### Data extract
---
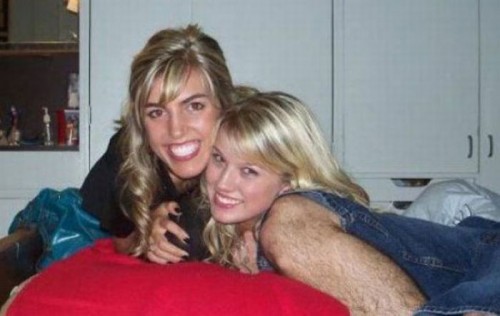 Девушка утеплилась на зиму по-своему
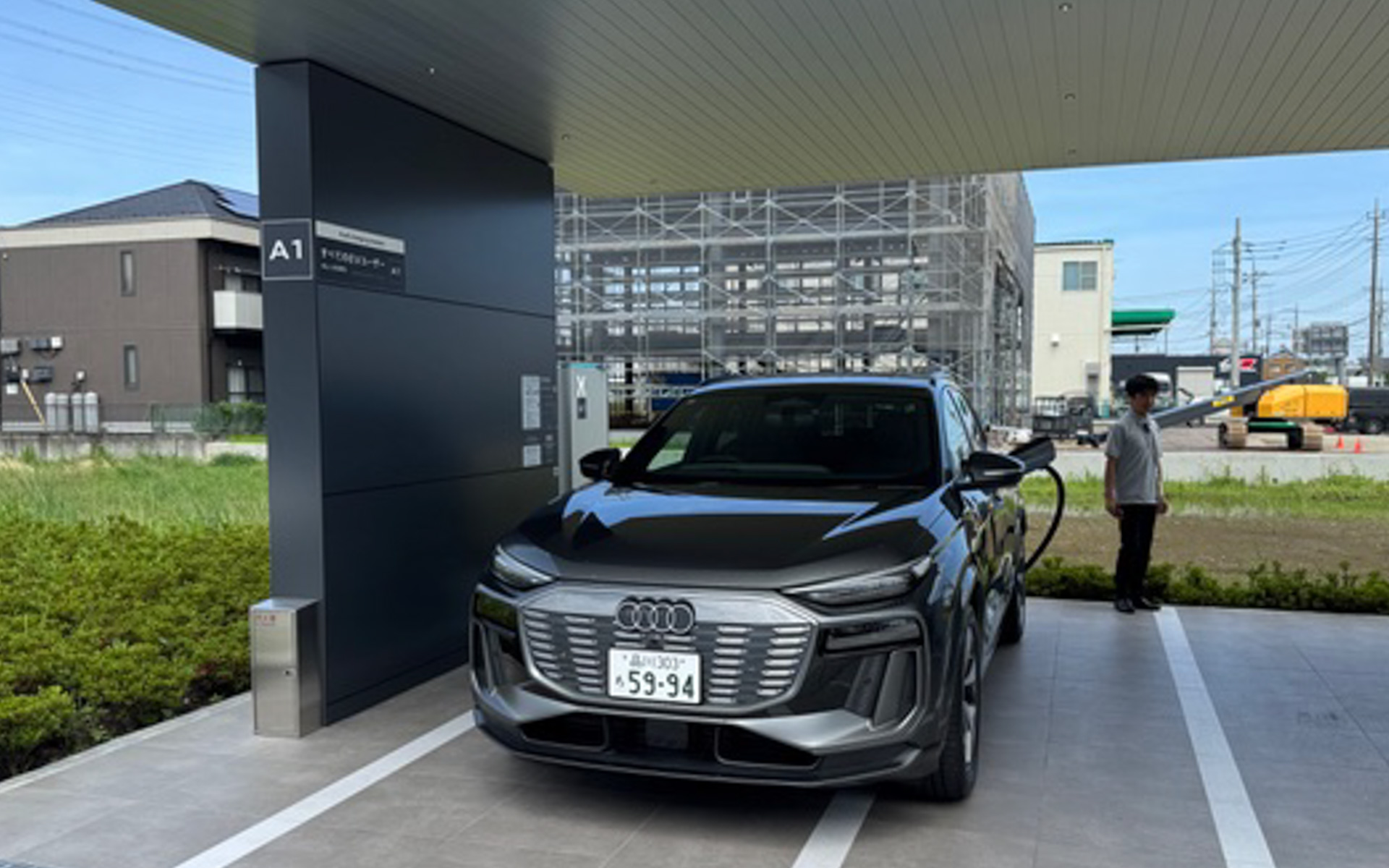 2025年4月にオープンしたばかりの「Audi charging station厚木」に立ち寄ってみました。新型Q6 e-tronはデザインもすごくカッコよくて、焚き火のようにゆらゆらと揺れるように光るテールランプなど、たくさんの種類がMMIから選択できる「コミュニケーションライト」を搭載。街で見かけたらテールランプをチェックしてみたくなりますね。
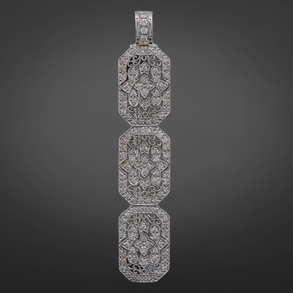 Alfiler o colgante  en oro blanco de 18 kt cuajado de brillantes estilo Art Decó.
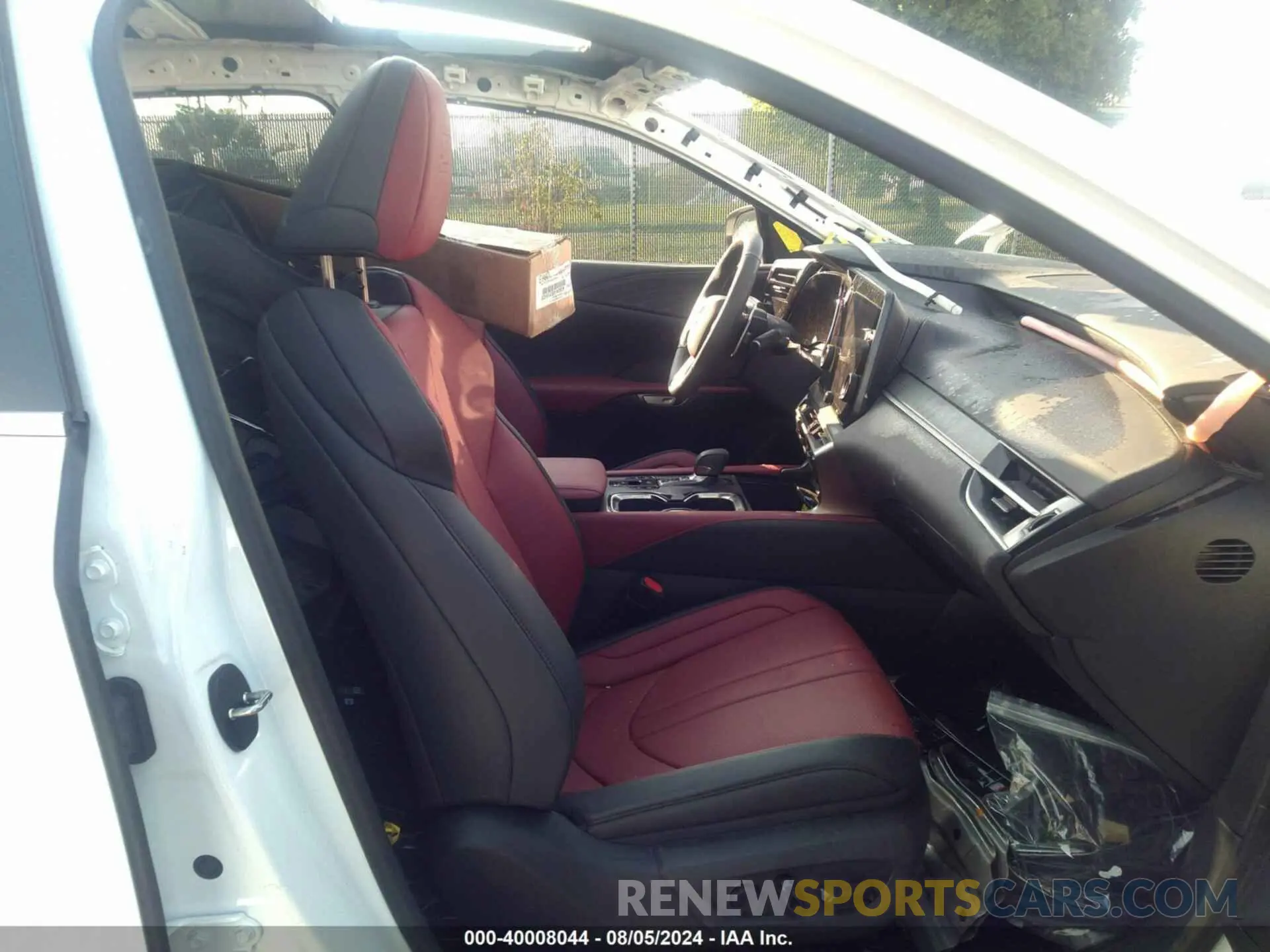 5 fotografías del automóvil dañado 2T2BAMCA6PC015115 LEXUS RX 350 2023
---
Once the line with "Alfiler o colgante" is found, write out that line and every later line of the listing above exactly, through the last one, and skip any pictures.

### Answer to this task
 Alfiler o colgante  en oro blanco de 18 kt cuajado de brillantes estilo Art Decó.
 5 fotografías del automóvil dañado 2T2BAMCA6PC015115 LEXUS RX 350 2023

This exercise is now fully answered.